*** Opening Information provided ***

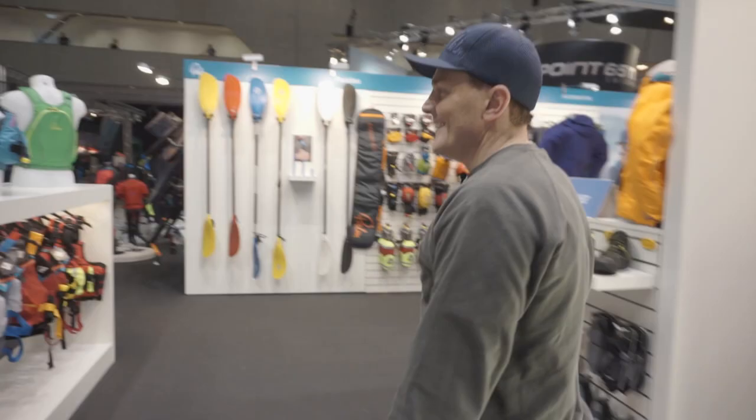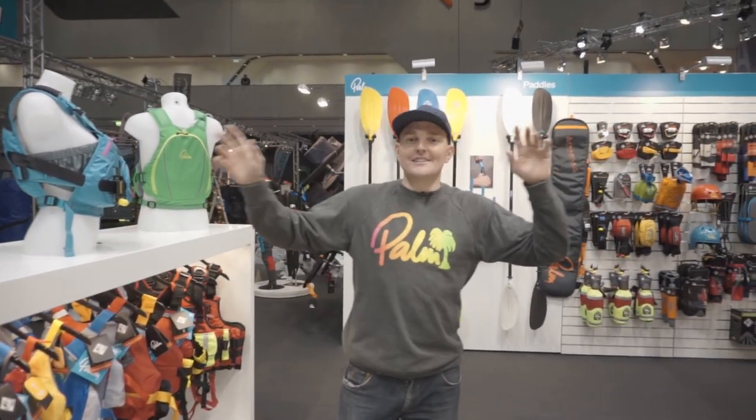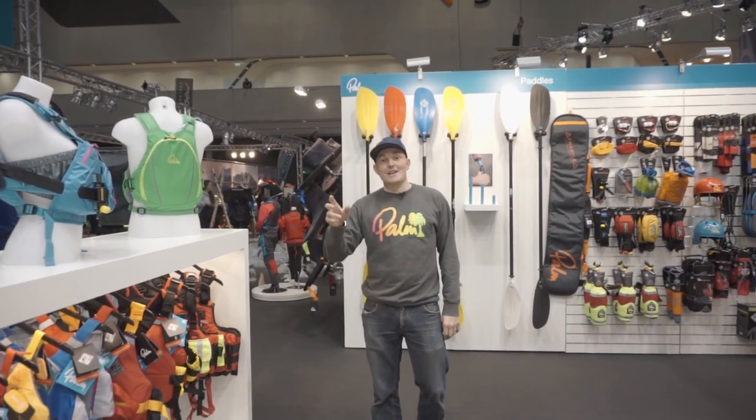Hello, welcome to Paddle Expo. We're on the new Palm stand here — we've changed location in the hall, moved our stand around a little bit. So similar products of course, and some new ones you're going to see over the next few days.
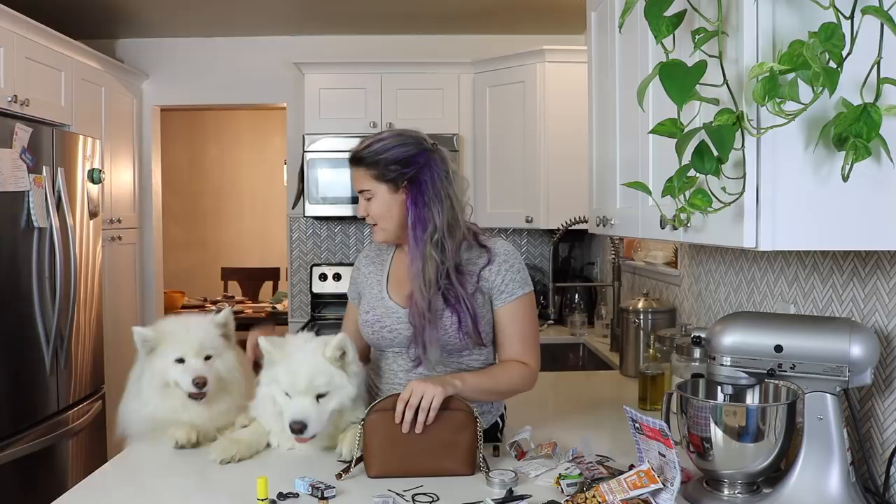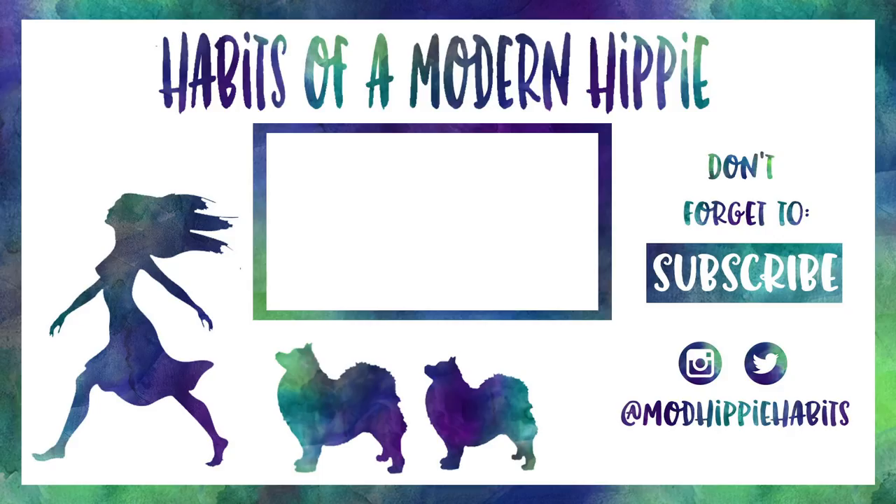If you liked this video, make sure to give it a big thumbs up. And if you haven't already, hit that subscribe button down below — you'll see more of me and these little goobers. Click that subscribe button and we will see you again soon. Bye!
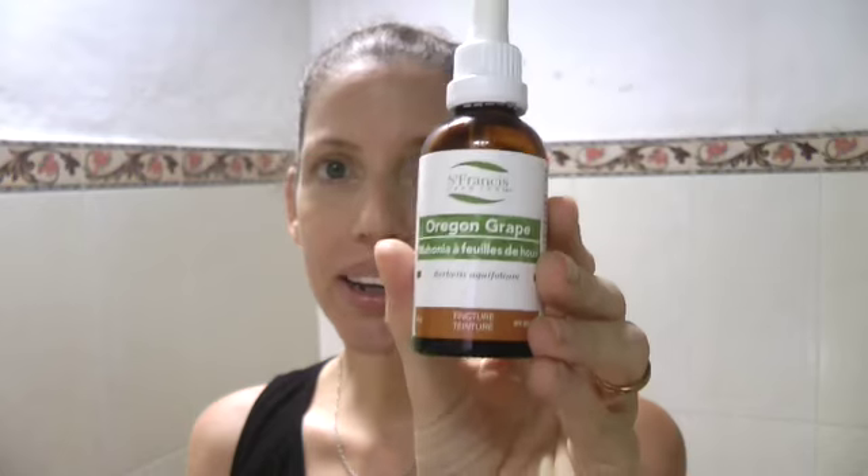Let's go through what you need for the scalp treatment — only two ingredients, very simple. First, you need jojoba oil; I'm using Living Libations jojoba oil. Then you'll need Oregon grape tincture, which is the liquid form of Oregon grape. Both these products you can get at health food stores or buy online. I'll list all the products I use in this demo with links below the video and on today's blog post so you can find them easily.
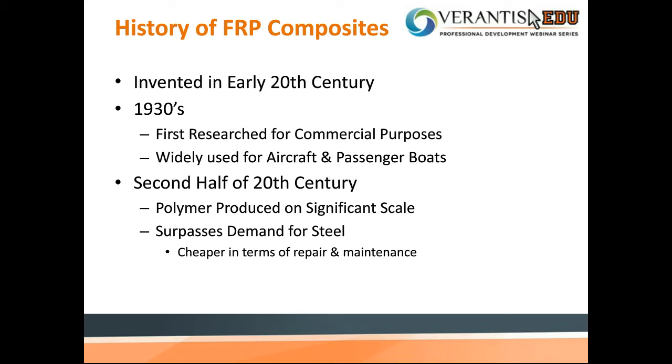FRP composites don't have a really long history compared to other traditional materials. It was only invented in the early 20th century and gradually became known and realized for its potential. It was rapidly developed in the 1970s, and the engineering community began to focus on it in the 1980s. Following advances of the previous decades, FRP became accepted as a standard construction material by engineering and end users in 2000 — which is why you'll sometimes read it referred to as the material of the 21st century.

*** Closing Information provided ***

## Requirement
The reply should consist only of the lines from the top of the material above through the line with "If you liked", printed exactly, pictures omitted.

## Exercise result
Hello, welcome to Paddle Expo. We're on the new Palm stand here — we've changed location in the hall, moved our stand around a little bit. So similar products of course, and some new ones you're going to see over the next few days.
If you liked this video, make sure to give it a big thumbs up. And if you haven't already, hit that subscribe button down below — you'll see more of me and these little goobers. Click that subscribe button and we will see you again soon. Bye!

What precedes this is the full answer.